O setor de imóveis residenciais está se recuperando. Mais de seis anos após o estouro da bolha, os preços parecem ter realmente chegado ao seu ponto mínimo. O Índice dos Preços das Casas S&P/Case-Shiller mostrou que a média dos valores subiu 1,3% em abril, encerrando um período de sete meses consecutivos de queda. Muitas das casas desocupadas ou não comercializadas que pesavam no mercado foram adquiridas nos últimos 12 meses, alimentando uma leva de novas construções. Em junho o número de casas em início de construção registrou seu maior patamar desde outubro de 2008.

Os consumidores estão conseguindo algum alívio nos postos. O preço médio de um galão (3,785 l) de gasolina caiu mais de US$ 0,50 desde abril. Normalmente leva algum tempo para que o valor poupado se infiltre por todas as camadas da economia, mas esse fator deverá aumentar o espaço para os consumidores gastarem um pouco mais neste terceiro trimestre.

Os salários subiram. Embora a renda tenha estagnado ao longo da recuperação, o mais recente relatório de emprego mostrou que os empregados não apenas trabalharam por mais horas em junho como também que seus salários subiram. Nos últimos 12 meses, a renda média anual dos trabalhadores do setor privado cresceu 2%.

Nada disso configura algo que se pareça com uma recuperação sólida. A mediana das previsões dos economistas consultados pela Bloomberg é que o PIB crescerá apenas 2,2% até o fim do ano. Muitos veem um risco crescente de instauração de uma recessão dentro de 12 meses, principalmente com o "penhasco fiscal" de alta de impostos e corte de gastos que deverá entrar em vigor em 1º de janeiro de 2013. O presidente do Fed (o BC dos EUA), Ben Bernanke, diz que, se o Congresso não agir para evitar o penhasco, o resultado poderá ser uma "recessão superficial".
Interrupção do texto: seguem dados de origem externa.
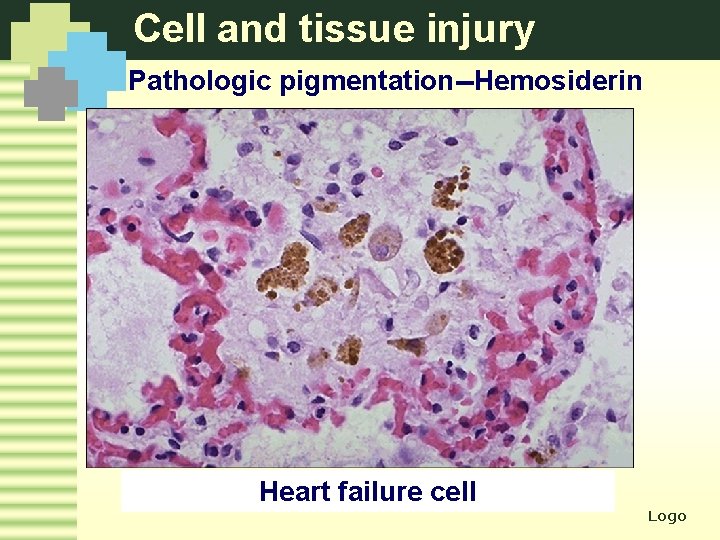 Cell and tissue injury Pathologic pigmentation--Hemosiderin Heart failure cell Logo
Ironicamente, o ritmo desacelerado da recuperação pode contribuir para rechaçar uma recessão. Embora a economia continue vulnerável a choques externos, o crescimento vem sendo tão fraco que os EUA não têm o tipo de desequilíbrio interno que tende a facilitar a instauração de recessões, como um setor de imóveis residenciais superaquecido ou uma inflação alta. "As coisas estão enxutas, não há muitos excessos que tenham de ser reduzidos", diz Julia Coronado, economista-chefe do BNP Paribas. "Em certo sentido, isso nos protegeu" de um desaquecimento mais profundo. Portanto, veja pelo lado bom: se uma recessão de fato chegar, ela poderá não ser tão ruim.